MARMET, W.Va. -- On Monday morning, hundreds of people began a weeklong, 50-mile trek to protest mountaintop removal mining and defend labor rights.
Nearly 250 marchers and supporters of the Appalachia Rising March on Blair Mountain gathered at the Marmet Baseball Field for a rally on Monday morning. An hour later, shortly after 10 a.m., they headed toward Blair, a town near the Boone-Logan county border, where their march will end on Friday.
As the marchers began, several people driving through Marmet honked their horns in support of the marchers. Two small groups of counter-demonstrators held up signs including "Friends of Coal" and "I Love Coal."
The marchers plan to walk the same route more than 10,000 coal miners took between Aug. 24 and Sept. 4, 1921, marching to Logan County to organize non-union miners.
The 1921 March on Blair Mountain was the biggest armed conflict in American labor history. After several days of battles, federal troops arrived and ended the conflict.
"We need to preserve Blair Mountain. It represents the movement that laid the foundation for our middle class, said Joe Stanley, a retired miner from Matewan in Mingo County. "We are marching in memory of those miners."
Arch Coal and Alpha Natural Resources, which bought Massey Energy last week, now own much of Blair Mountain.
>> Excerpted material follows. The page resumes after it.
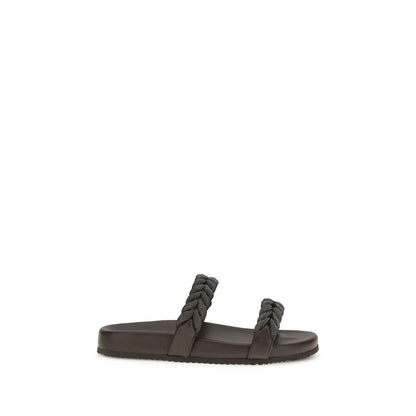 Brunello Cucinelli Brown Calf Leather Bos Taurus Flat Sandals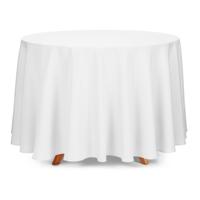 Tafelkleed/tafellaken rond - wit - 230 cm - polyester - Bruiloft tafelkleden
Some anti-mining activists have tried to get the mountain put on the National Register of Historic Places to preserve it.
Representatives from the coal companies have not commented on this week's march.
Larry Gibson, a longtime local activist against mountaintop removal mining, said, "This is not about coal. It is about saving Blair Mountain."
Chuck Keeney, great-grandson of Frank Keeney -- president of the United Mine Workers District 17 during the 1921 March on Blair Mountain -- spoke at the ballpark rally.
"We wish to honor a history some would like to see destroyed," Keeney said.
"If you stand for more jobs instead of fewer jobs, you stand for Blair Mountain. If you stand for preserving our cultural heritage instead of destroying it, you stand for Blair Mountain."
Blair Mountain's coal reserves, Kenney said, can all be mined in underground operations, which would also create twice as many jobs.
Sara Lynch-Thomason, who grew up in Nashville, Tenn. and lives in Asheville, N.C. today, said, "My family is very good about keeping its own history. I am a Hatfield. Blair Mountain is an opportunity to honor people who fought before.
"We are marching not only for the workers and their families, but also for the land they live on," she said.